# Specific 3D Printers, Scanners, & Hardware > CTC 3D Printers >  Ctc fdm 3d printer, newbie asking advice

## Bossblue

Hello,
just bought printer via EBay here in UK.
i am new to all this, can I ask, I have replicatorG, do you advice anything simple to use, also slicing software, possibly free which is compatible 
i understand it is best to print from SD card, I have read people have problems doing this, if there is, is there a fix for this
looking to just make something simple, I did open replicatorG and tried to print 20mm test block but nothing was showing
thanks in advance

----------


## curious aardvark

to start with - what printer did you buy ? 
ctc make a lot of different models. 
And depending on the motherboard - it can make a lot of difference. 

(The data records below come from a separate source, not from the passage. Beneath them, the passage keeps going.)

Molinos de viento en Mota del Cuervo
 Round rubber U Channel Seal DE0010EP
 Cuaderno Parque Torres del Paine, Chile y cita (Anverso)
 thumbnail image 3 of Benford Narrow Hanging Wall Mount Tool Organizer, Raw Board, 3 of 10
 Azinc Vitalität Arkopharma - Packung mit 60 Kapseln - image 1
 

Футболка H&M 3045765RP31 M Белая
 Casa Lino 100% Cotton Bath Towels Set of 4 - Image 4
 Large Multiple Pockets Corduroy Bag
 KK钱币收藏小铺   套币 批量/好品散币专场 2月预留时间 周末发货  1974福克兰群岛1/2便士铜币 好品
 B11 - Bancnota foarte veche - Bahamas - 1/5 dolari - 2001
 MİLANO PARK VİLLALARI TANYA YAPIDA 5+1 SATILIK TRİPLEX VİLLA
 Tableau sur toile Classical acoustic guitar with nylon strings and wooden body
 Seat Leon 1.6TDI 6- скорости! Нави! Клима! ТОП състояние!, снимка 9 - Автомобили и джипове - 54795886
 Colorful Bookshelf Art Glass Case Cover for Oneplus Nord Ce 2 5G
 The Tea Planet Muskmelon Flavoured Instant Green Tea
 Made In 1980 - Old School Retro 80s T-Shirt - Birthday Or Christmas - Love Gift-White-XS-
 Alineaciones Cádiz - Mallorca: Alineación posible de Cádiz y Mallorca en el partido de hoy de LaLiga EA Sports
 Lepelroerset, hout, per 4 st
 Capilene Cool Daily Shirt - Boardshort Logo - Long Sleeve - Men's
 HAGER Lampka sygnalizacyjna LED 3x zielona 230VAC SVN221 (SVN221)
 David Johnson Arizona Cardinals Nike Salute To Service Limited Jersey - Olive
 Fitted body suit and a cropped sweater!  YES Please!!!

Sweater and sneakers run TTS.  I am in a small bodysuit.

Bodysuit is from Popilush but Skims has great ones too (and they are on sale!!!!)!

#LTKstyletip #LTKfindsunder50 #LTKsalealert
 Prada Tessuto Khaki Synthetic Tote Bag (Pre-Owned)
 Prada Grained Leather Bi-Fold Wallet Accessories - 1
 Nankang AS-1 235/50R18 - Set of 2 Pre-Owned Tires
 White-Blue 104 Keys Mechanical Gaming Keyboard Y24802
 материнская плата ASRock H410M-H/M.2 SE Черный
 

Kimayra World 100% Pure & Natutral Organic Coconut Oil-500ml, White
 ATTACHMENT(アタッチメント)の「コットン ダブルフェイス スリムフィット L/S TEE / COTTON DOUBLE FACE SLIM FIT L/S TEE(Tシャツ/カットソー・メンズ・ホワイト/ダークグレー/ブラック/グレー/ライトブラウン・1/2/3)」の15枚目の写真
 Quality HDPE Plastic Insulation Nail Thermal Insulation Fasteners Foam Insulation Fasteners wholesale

secondly, you need to find out what com port the printer is using and what connection settings it's using. Then tell rep-g so it can talk to the printer.
rep-g with slic3r is about as easy to use as it gets in the free sector.  ie: rep-g can also be used as a slicer.

----------


## Bossblue

Hello,
thanks for your reply I believe the model is fdm, I will try to send a photo of it

----------


## Bossblue

It’s on com port 4 using windows 7

----------


## curious aardvark

what port speed is it set for ? 
Communications baud rate.
Most printers use 115200

But the real dirt cheap  ctc i3 pro b - uses 250000 baud rate.
I know, I have one :-)

FDM stands for: Fused Deposition Modelling.
Ie laying plastic down in layers that stick to each other. It's the type of 3d printer NOT a model name :-)

----------


## FDM to SLA

Got a link to the printer you purchased?  I have an old CTC makebot clone and it works well.  I use Makerware to slice my prints (mainly)

It does the job.

Does the printer have an SDcard slot?

----------